* _Required action_:
Beginning with the line containing "Halloween Black Cat" and going on through the line containing "Маска для лица", the lines below are to be returned exactly, pictures excluded and nothing added.

* _Listed entries_:
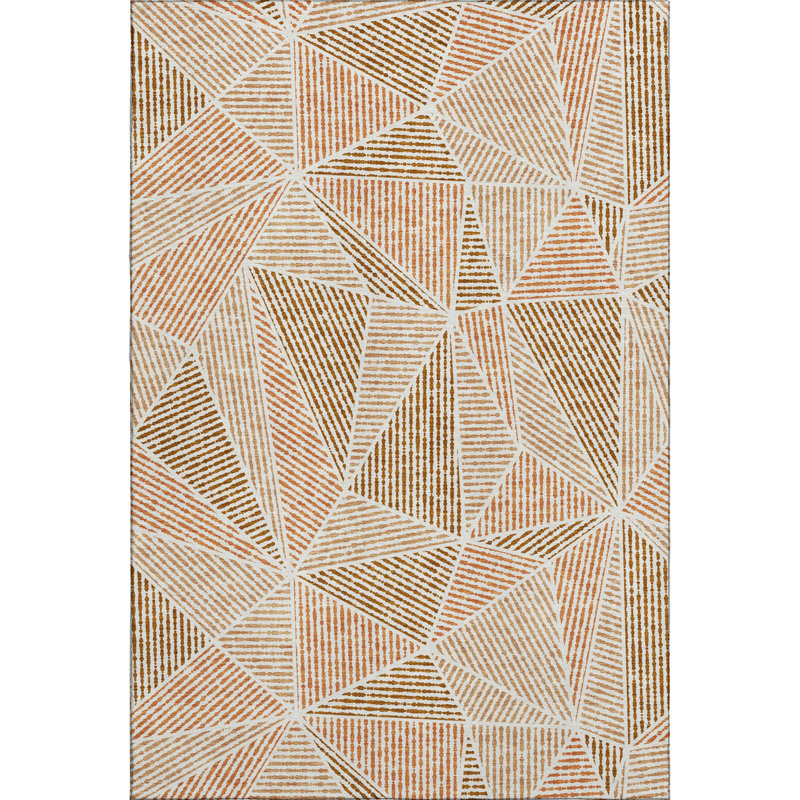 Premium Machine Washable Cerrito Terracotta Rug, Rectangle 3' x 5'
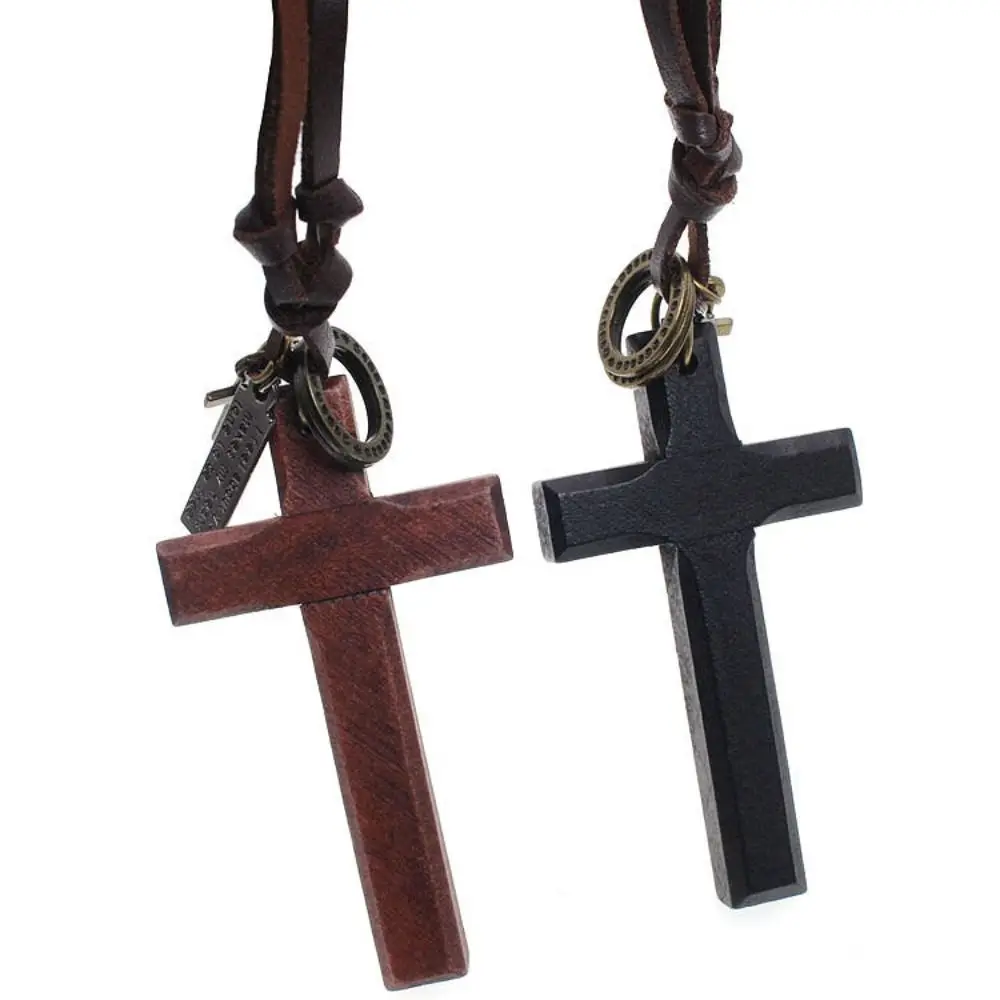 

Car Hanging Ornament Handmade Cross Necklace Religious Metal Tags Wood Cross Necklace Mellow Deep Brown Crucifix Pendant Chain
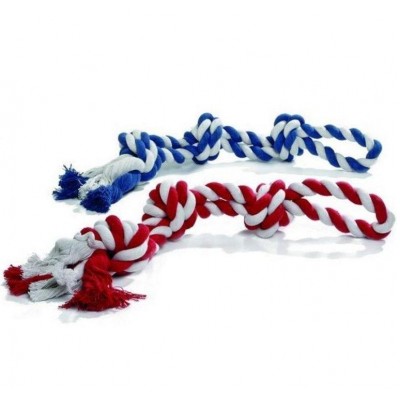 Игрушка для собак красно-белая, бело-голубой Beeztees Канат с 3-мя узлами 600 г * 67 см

* * *

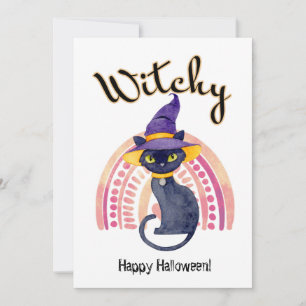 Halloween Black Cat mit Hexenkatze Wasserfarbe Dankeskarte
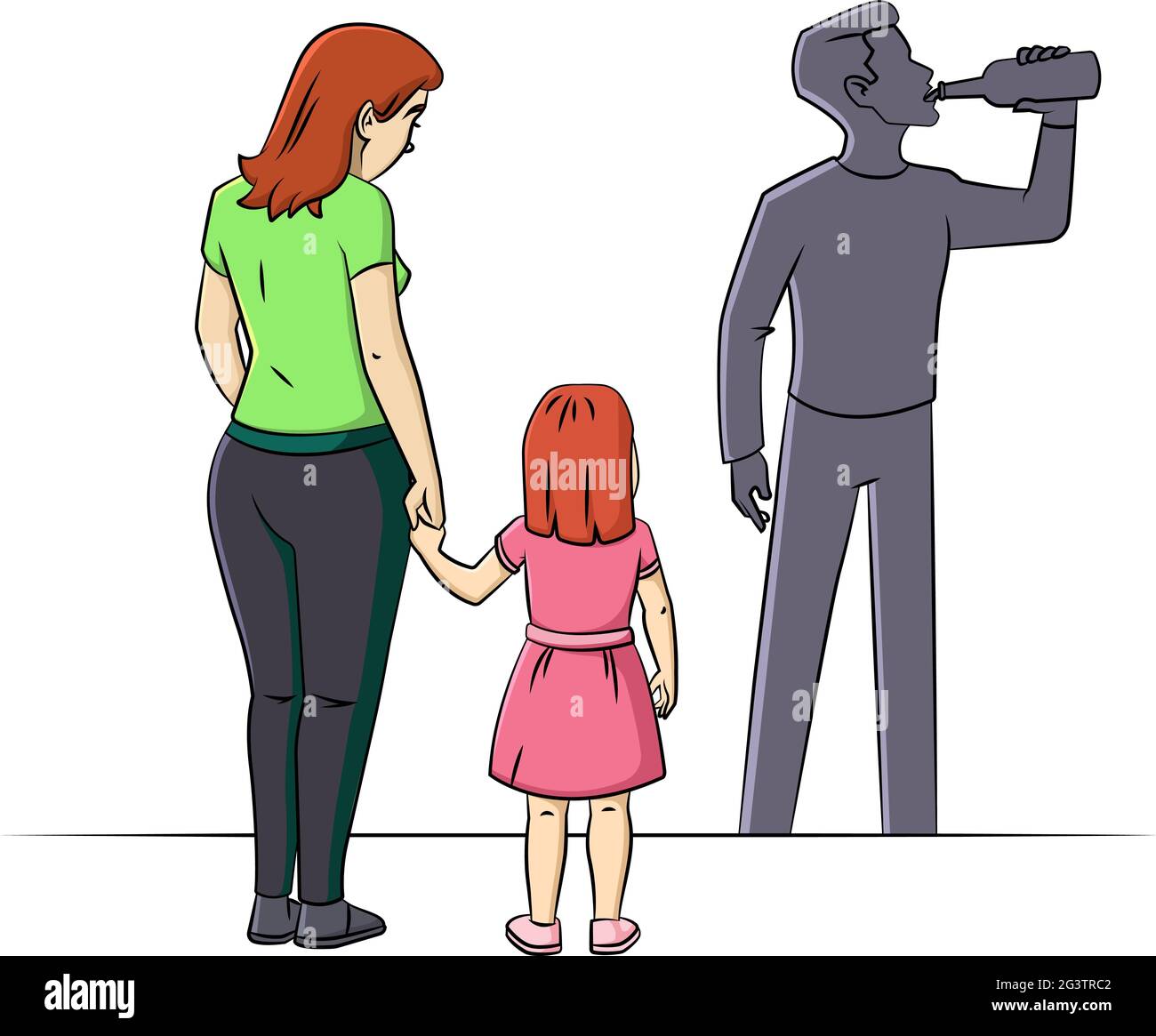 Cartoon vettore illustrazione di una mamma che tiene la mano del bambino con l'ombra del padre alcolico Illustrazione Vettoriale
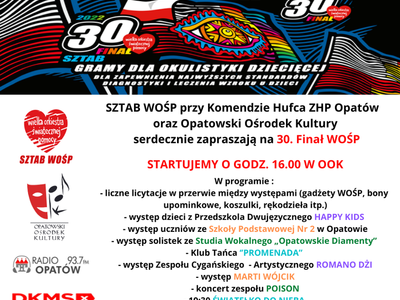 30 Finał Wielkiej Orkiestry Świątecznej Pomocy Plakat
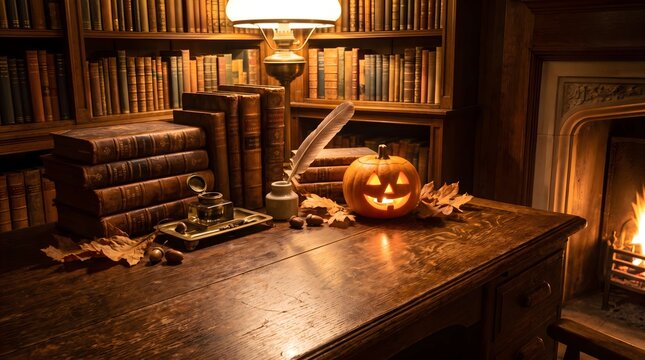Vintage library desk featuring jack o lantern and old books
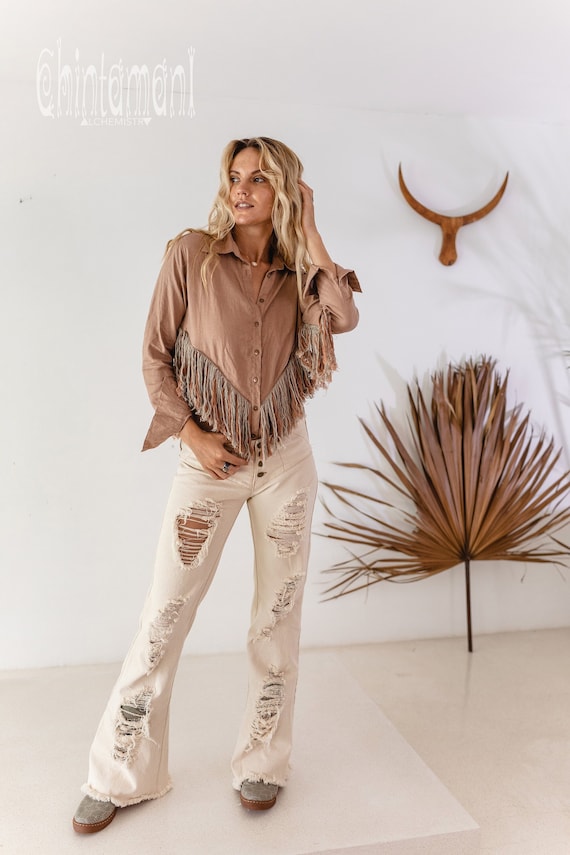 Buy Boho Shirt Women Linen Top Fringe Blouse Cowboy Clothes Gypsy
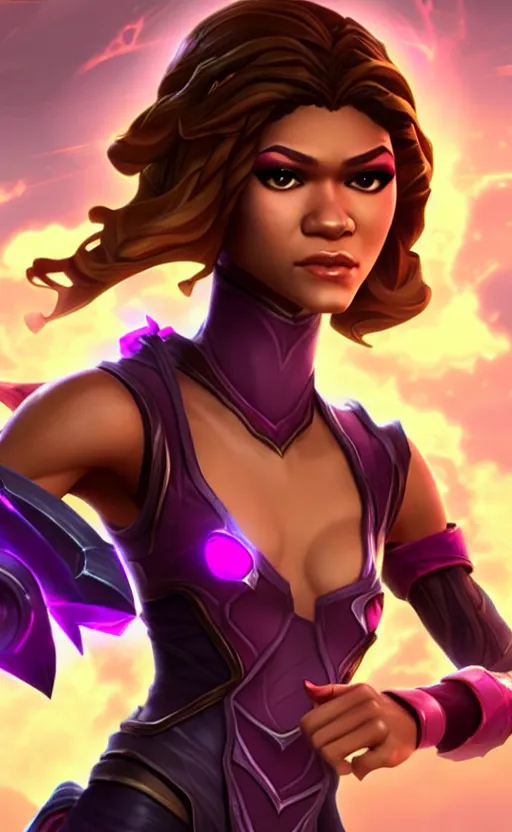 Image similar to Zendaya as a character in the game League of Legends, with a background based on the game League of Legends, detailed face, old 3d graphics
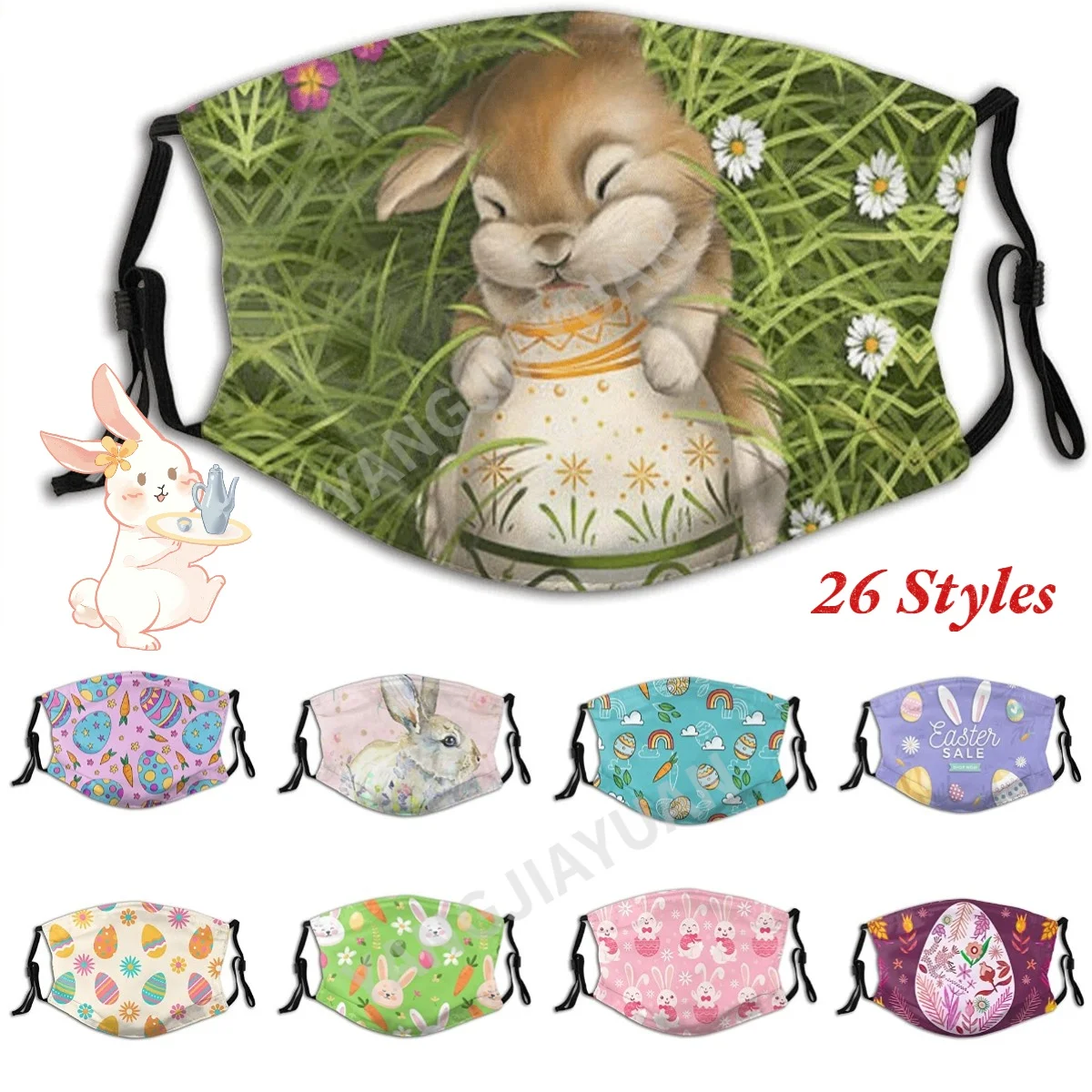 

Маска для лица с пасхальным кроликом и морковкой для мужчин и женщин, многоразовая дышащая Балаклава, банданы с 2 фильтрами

...

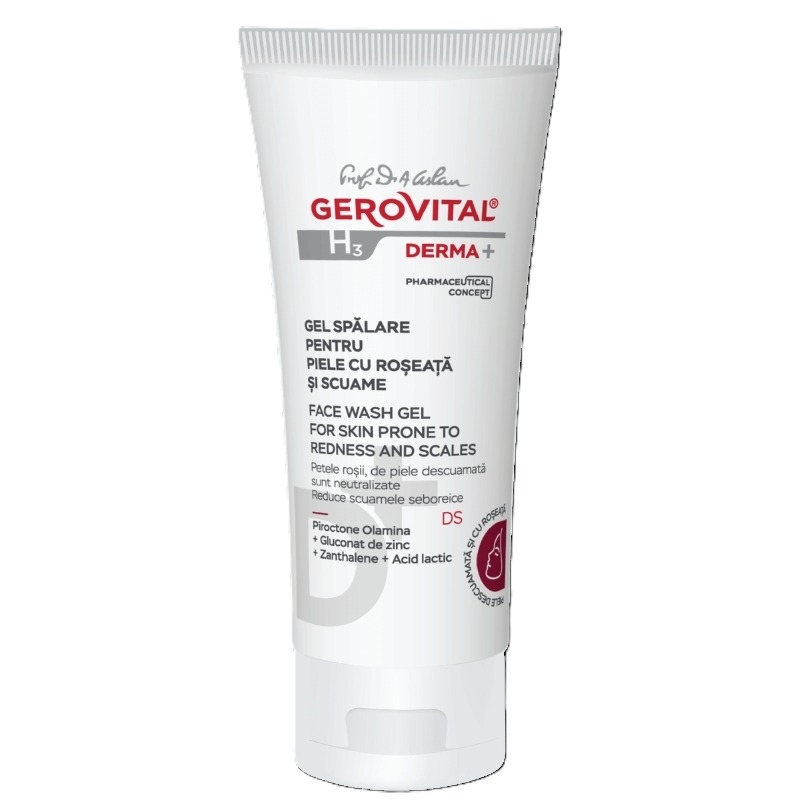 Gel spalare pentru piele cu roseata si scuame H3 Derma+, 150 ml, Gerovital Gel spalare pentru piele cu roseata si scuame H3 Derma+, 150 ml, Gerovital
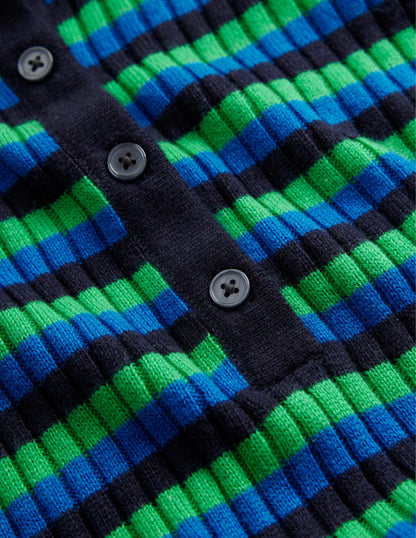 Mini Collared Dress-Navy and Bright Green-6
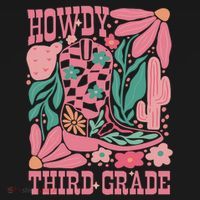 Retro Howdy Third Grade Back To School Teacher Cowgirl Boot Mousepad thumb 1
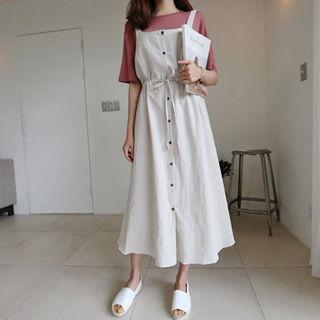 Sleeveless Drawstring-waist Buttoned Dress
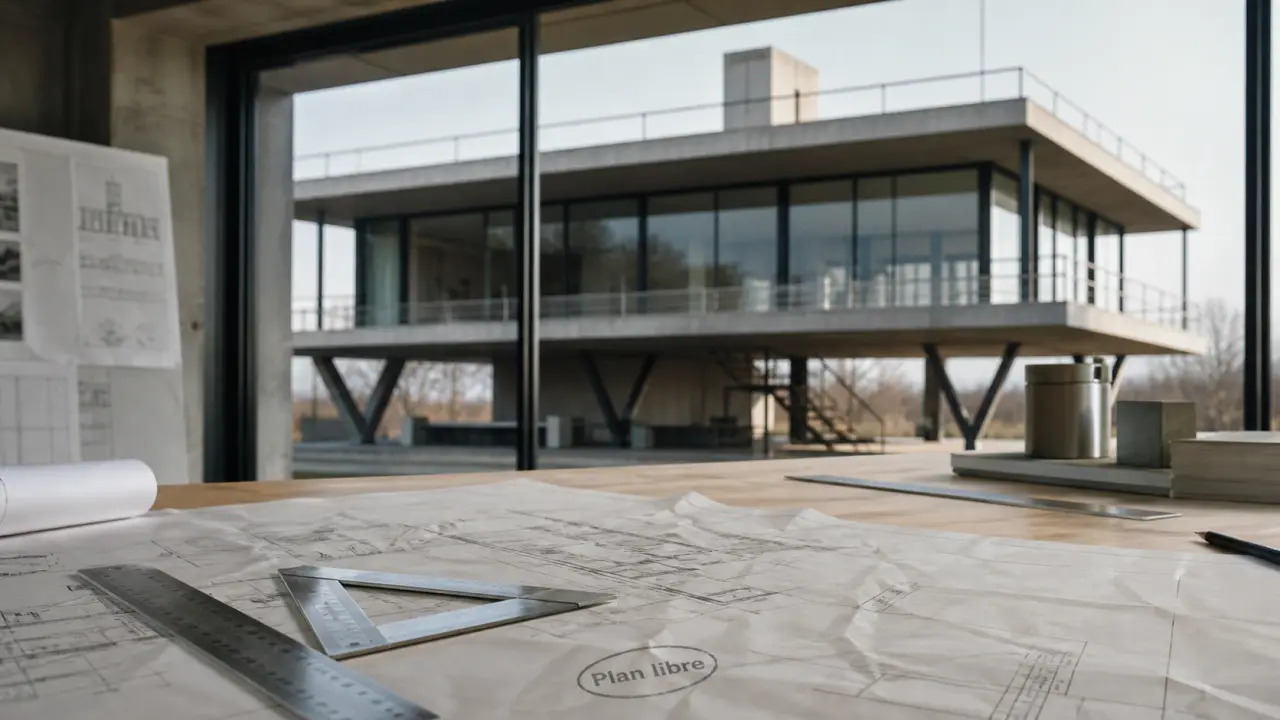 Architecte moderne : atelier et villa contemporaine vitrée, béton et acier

* _Solution to the problem_:
 Halloween Black Cat mit Hexenkatze Wasserfarbe Dankeskarte
 Cartoon vettore illustrazione di una mamma che tiene la mano del bambino con l'ombra del padre alcolico Illustrazione Vettoriale
 30 Finał Wielkiej Orkiestry Świątecznej Pomocy Plakat
Vintage library desk featuring jack o lantern and old books
 Buy Boho Shirt Women Linen Top Fringe Blouse Cowboy Clothes Gypsy
 Image similar to Zendaya as a character in the game League of Legends, with a background based on the game League of Legends, detailed face, old 3d graphics

Маска для лица с пасхальным кроликом и морковкой для мужчин и женщин, многоразовая дышащая Балаклава, банданы с 2 фильтрами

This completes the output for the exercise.